A rare case of pancytopenia causing‐ Sheehan's syndrome: Case report and literature review

Xiao‐Han Gao 1, Yuan Wang 2, Rui‐Cang Wang 1, Jun ‐Yuan 1, Jie Yang 1, Xiao‐Xia Zhang 1, Jie Li 1,
PMCID: PMC9871400  PMID: 36703770

Abstract

We describe the case of a 58‐year‐old woman who was presented with pancytopenia and hypofibrinogenemia. Treatment with iron supplementation was not satisfactory. Physical findings and a history of a massive postpartum hemorrhage suggested Sheehan's syndrome(SS). After thyroxine and glucocorticoid replacement therapy, the blood cell count improved. SS is a rare etiology of hemocytopenia, of which hematologists need to be aware. We conclude that hormonal therapy can produce full hematological recovery.

Keywords: glucocorticoid, gum bleeding, pancytopenia, Sheehan's syndrome, thyroxine


Pituitary magnetic resonance imaging showing empty sella.

graphic file with name CCR3-11-e6827-g001.jpg

1. INTRODUCTION

Sheehan's syndrome (SS) develops due to pituitary hormone insufficiency caused by postpartum hemorrhage. Clinical manifestations include fatigue, asitia, hypotension, hypoglycemia, hypopigmentation, dry skin, chills, anemia, postpartum lack of lactation, amenorrhea, and loss of libido. In addition to the typical clinical manifestations and medical history of postpartum hemorrhage and amenorrhea. The diagnosis should be combined with laboratory endocrine assays, sellar computed tomography scans, anterior pituitary reserve function assays, and immunoradiometric assays to detect triiodothyronine, thyroid‐stimulating hormone, pituitary hormone, follicle‐stimulating hormone, and prolactin. Most of the above hormones are low in SS, but some remain in the normal range.

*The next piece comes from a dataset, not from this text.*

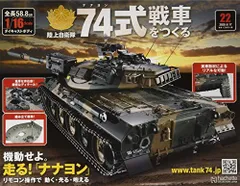 2025年最新】74式戦車をつくるの人気アイテム - メルカリ 2025年最新】74式戦車をつくるの人気アイテム - メルカリ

Sheehan's syndrome is preventable, and timely treatment of postpartum hemorrhage and prolonged shock prevention are key measures to prevent the disease. For patients with severe pituitary involvement or delayed diagnosis, hormone replacement should be performed. It is recommended to take 15–25 mg of prednisone per day, of which two‐third are taken in the morning and one‐third in the afternoon. If there are special circumstances such as trauma and surgery, the dosage may be increased as appropriate. If the patient suffers from hypothyroidism, thyroxine supplementation should be given, starting at 15–30 mg/day and gradually increasing to 60–120 mg/day. Thyroxine supplementation should not be administered earlier than prednisone.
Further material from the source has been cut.